The Strangler Fig

Epiphytes are plants which live their lives away from the soil.
They need no roots dug into the ground. They typically grow in the canopy of larger trees, sometimes from man made creations like roadside signage or telephone wires. They absorb what they need from the air, and often don’t damage their host tree.
The strangler fig is an exception.
Somewhere in Florida’s swamplands a sprouting fig tree is just getting started in the tops of a Sabal Palm. Over the next few decades he’ll begin growing branches, but not upwards and outwards, rather down, down, down the trunk of the Palm, until finally those branches reach the ground and dig in, becoming roots now.

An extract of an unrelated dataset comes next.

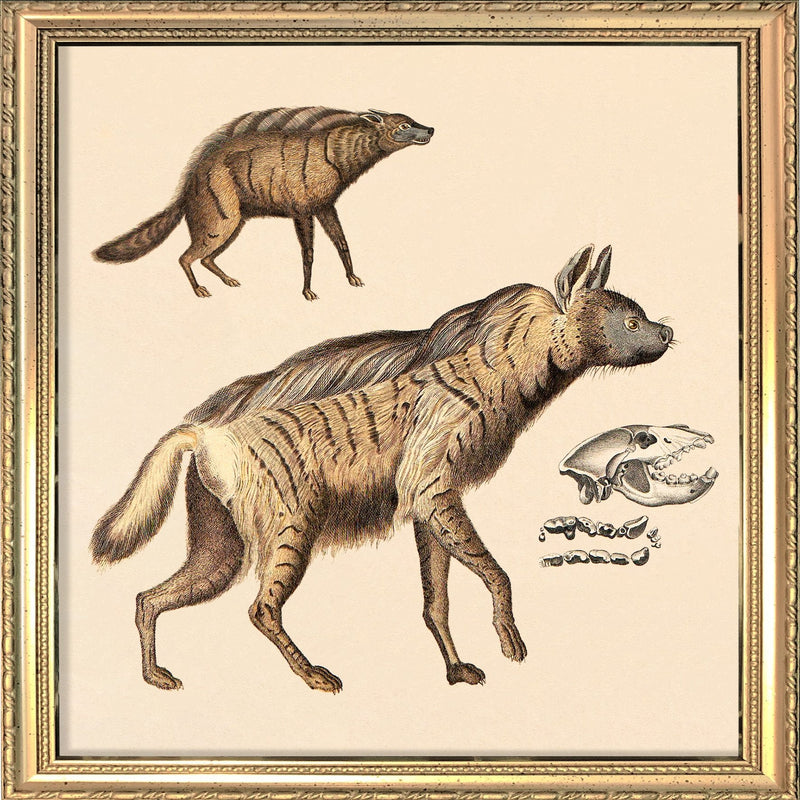 Two Striped Hyenas. Mini Print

The process will continue until the fig has completely encompassed the palm, either actually strangling it or just shading it out.
Something lives, something dies.
In either case, I see the palm as a burning bright rock and roll star. His chances of ever becoming more than a sapling were thin to begin with, considering palms have as hard if not harder a time than real trees at making it into maturity. At the same time, Floridians tend to groom their environment as their whim suits, and so he easily could have been barreled over or uprooted at any time.

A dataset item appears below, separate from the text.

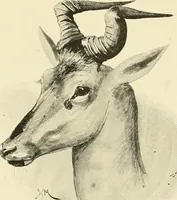 Picture 249 of 290 from The encyclopaedia of sport (1897), leaf 553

But he’s hardy, and willing to suffer both drought and heat. So he worked hard for what he had.
And then time caught up, time going by the name of an epiphyte.
But he was relentless. He could see the end coming with each millimeter the fig grew toward the ground. Even as he stands now, his own trunk completely surrounded by the strangler fig, he’s majestic.
But his time is coming to an end. He will not burn out, he’ll fade away in the shadow of the plant to which he played host.